Certainly, there is plenty of passion behind a rivalry that dates to 1975. Timber fans know that if they beat the Sounders, Portland will have as many MLS playoff victories in one try as Seattle has in five. Sounders supporters would like nothing better than to pour water on the Timbers 2013 turnaround.
The first game of the two-match set is at 7 p.m. today at CenturyLink Field. Portland, thanks to a better regular season record, has the home field on Thursday for the second, and presumably decisive, match.
But who has the edge?
In 10 two-leg playoff series since MLS returned to the format in 2011, the team that hosted the first leg has won six times. So far the second leg at home hasn’t added up to success.
Seattle knows this well. The Sounders have been eliminated the past two seasons by a lower-seeded team that won big in the first leg.

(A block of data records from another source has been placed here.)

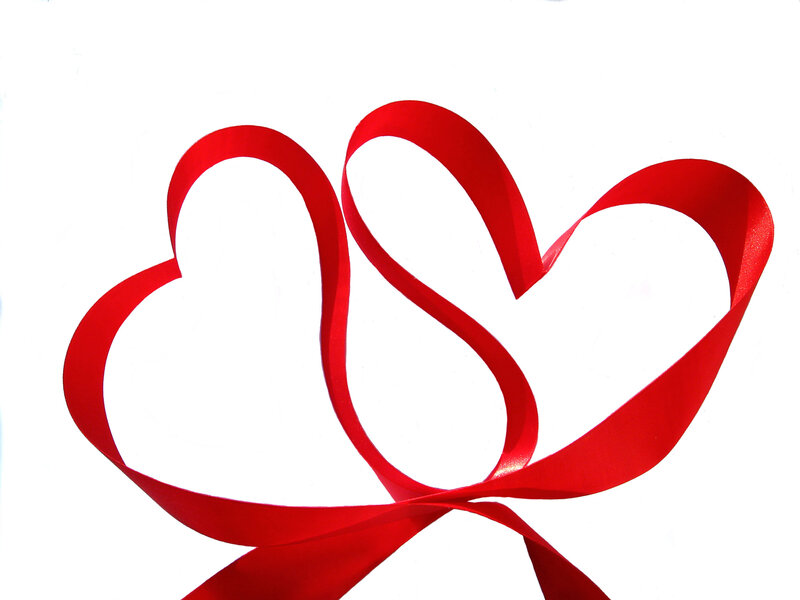 Red Ribbon Hearts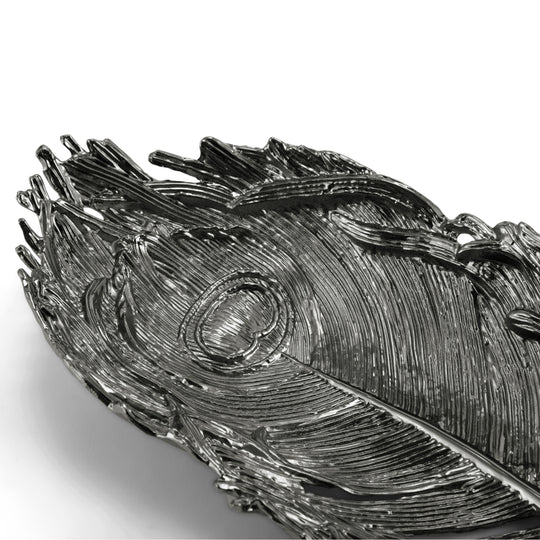 Michael Aram Plume Tray Black Nickelplate at STORIES By SWISSBO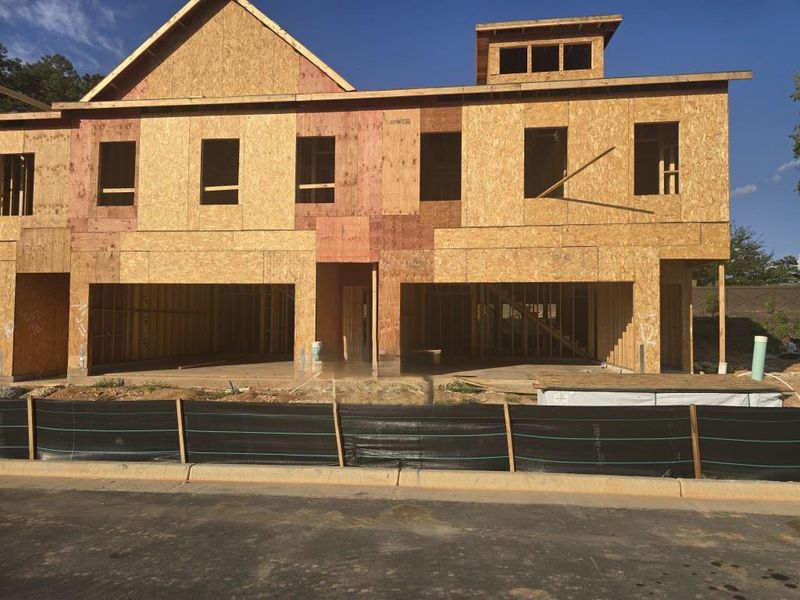 In-progress construction of a new home in , Snellville, GA (Image 5).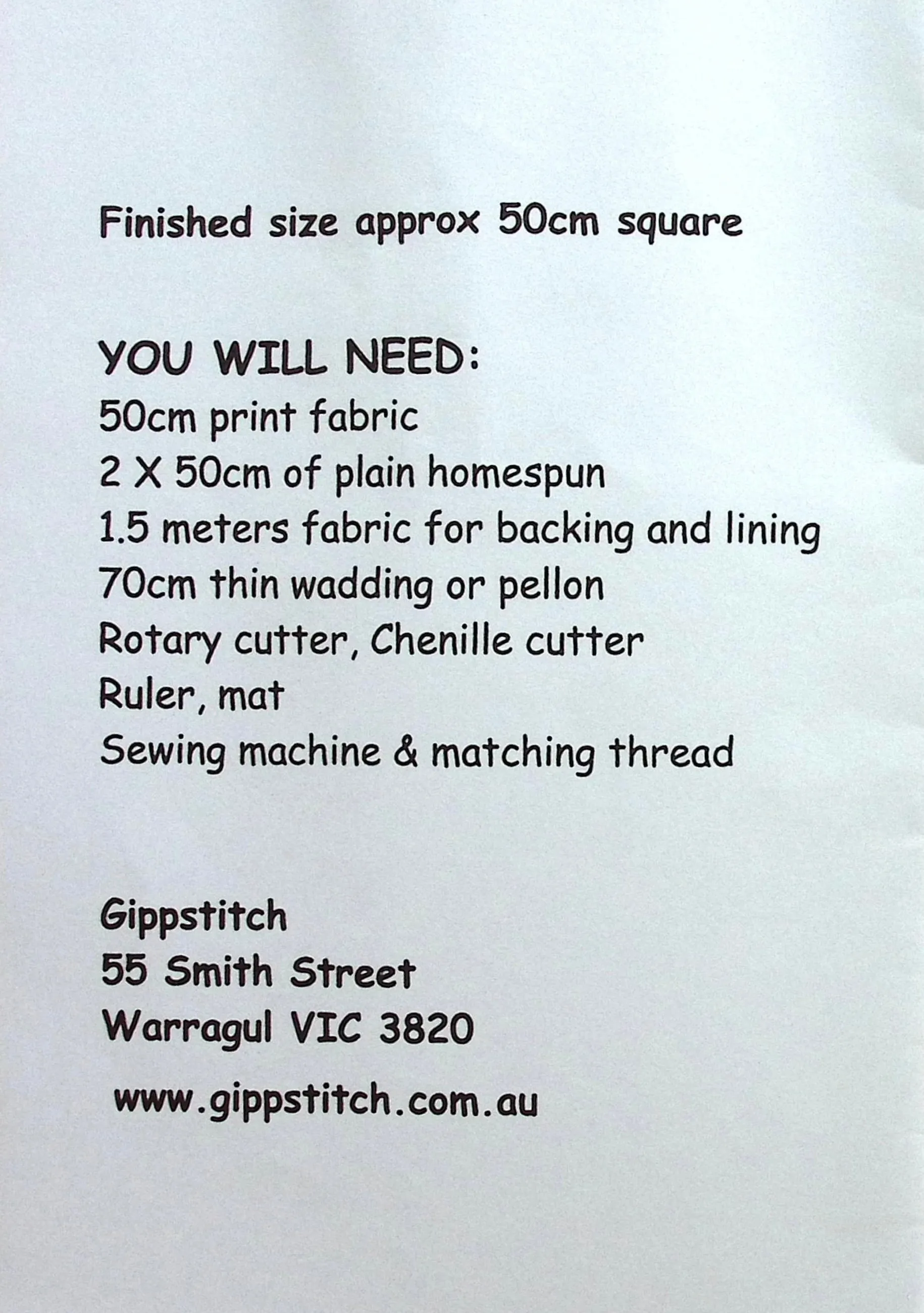 Sewing Pattern: Gippstitch 5623 4158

Sounders coach Sigi Schmid said this week that he isn’t sure the order of the two matches matters.
“You’re going to play one game at home and you’re going to play one game away. You need to win your home game and get a result (draw) away,” Schmid said.
All things being equal — and all goals are equal in MLS playoffs; away goals do not provide a tie-breaking edge — having the second game at home can be helpful if the teams are tied on total goals through two matches and have to play a 30-minute tiebreaker at the end of Game 2.
But in recent seasons, a good start has meant more than a strong second game in determining which team advances.
Porter said the Timbers will use the same formula that carried the Timbers to the top of the Western Conference in the regular season.
“Obviously, we will be smart in how we organize the group personnel wise, game plan wise,” Porter said. “But we’re not going to change what we’ve been doing. Just play for three points, which is what we’ve done all season long. Which is why we’ve scored so many goals on the road.”
Portland will be the more rested team on Saturday. The Timbers haven’t played since last Saturday’s 5-0 win at Chivas USA. Since then, Seattle played Los Angeles to a 1-1 draw and on Wednesday defeated Colorado in a knockout match for the opportunity to face Portland.
“Playing three games in seven days, it’s a mind over matter thing,” Schmid said. “Sometimes you get into a playing rhythm and the guys feel comfortable with that. They’d rather play than train anyway.”
Schmid added that in past seasons his team has sometimes played its best soccer during busy stretches in the schedule.
“When we were on a three-game rhythm, sometimes we played some of our best soccer. Hopefully that will hold true this time as well.”
Tired or not, the Sounders are probably in a better place than they’ve been for a while. For one thing, Wednesday’s win ended a string of seven matches without a victory for Seattle, a stretch that included four losses in a row.
“They just got a win,” Porter said, “so they’ll probably relax a little bit and have a bit more confidence than they’ve had in the last several games.”